Kennett Middle School Embraces Maker Spaces

While attending the Pennsylvania School Library Association’s annual conference last year, Kennett Middle School librarian Mrs. Virginia McGarvey learned about “maker spaces.” Mrs. McGarvey was instantly inspired by the idea of a collaborative work space that enables students to make, learn, explore, and share ideas.

Local Boy Scout Charlie Streitwieser and superintendent Dr. Barry Tomasetti

Maker spaces provide hands-on, creative ways to encourage students to design, experiment, build, and invent as they deeply engage in science, engineering, and tinkering. The spaces are an extension of the STEM curriculum at Kennett Consolidated School District. These spaces vary in design and can feature maker equipment ranging from 3D printers and laser cutters to Legos and cardboard. No matter the budget, a maker space provides hands-on learning for students of all ages.
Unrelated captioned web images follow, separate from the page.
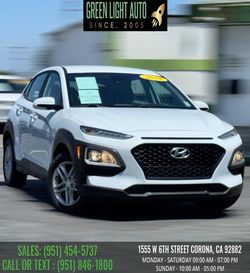 2020 Hyundai Kona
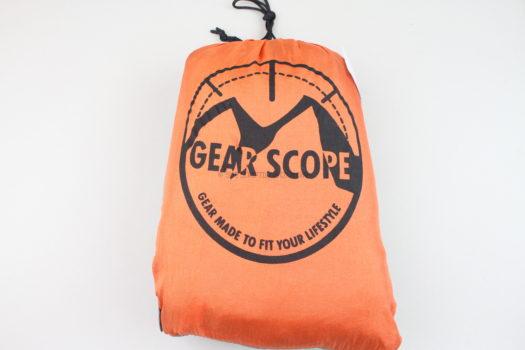 Gear Scope Parachute Hammock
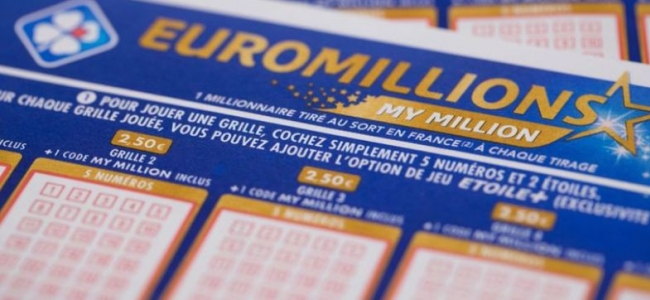 Неизвестный британец урвал джекпот на 123 миллиона фунтов в лотерее EuroMillions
Kennett Middle School agreed that a maker space featuring a movable Lego wall with a Ball-Drop Construction Challenge on the reverse side, constructed of Lego base plates, PVC piping, and countersunk magnets, would be a great addition to the library. Unfortunately, the costs would be very expensive. Determined to bring this space to Kennett Middle School students, Mrs. McGarvey extended the idea to Salesianum High School


senior Charlie Streitwieser, who was looking for ideas to complete his Eagle Scout project.
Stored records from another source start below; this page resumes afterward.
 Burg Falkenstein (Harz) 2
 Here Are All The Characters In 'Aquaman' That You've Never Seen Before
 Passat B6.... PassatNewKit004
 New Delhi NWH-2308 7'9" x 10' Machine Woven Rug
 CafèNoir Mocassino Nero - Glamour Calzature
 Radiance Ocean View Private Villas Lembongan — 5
Charlie, a Boy Scout from BSA Troop 22, jumped at the idea and began to design and construct Kennett Middle’s School new maker space. A fundraising page was created and sent out to the community explaining the project and its benefits. The fantastic generosity of the community allowed Kennett Middle School to purchase and donate the most important materials.

After a few months of hard work, Charlie completed and delivered the new maker space to Kennett Middle School’s library. “The addition of this maker space will be a great extension to our STEM program,” superintendent Dr. Barry Tomasetti explained. “This space creates a great opportunity for students to problem-solve together.”

“We are so grateful for Charlie and our generous community for making this project possible. Students now come in at lunch time to create structures and pictures on the Lego wall. They work well together in groups naturally and politely without prompting,” Mrs. McGarvey said. “They are learning collaboration, problem-solving, and developing better communication skills. It is great to watch the students be creative through play.”


The new maker space has proven to be a huge hit among the students, who are enjoying collaborating, solving problems, and having fun with their peers.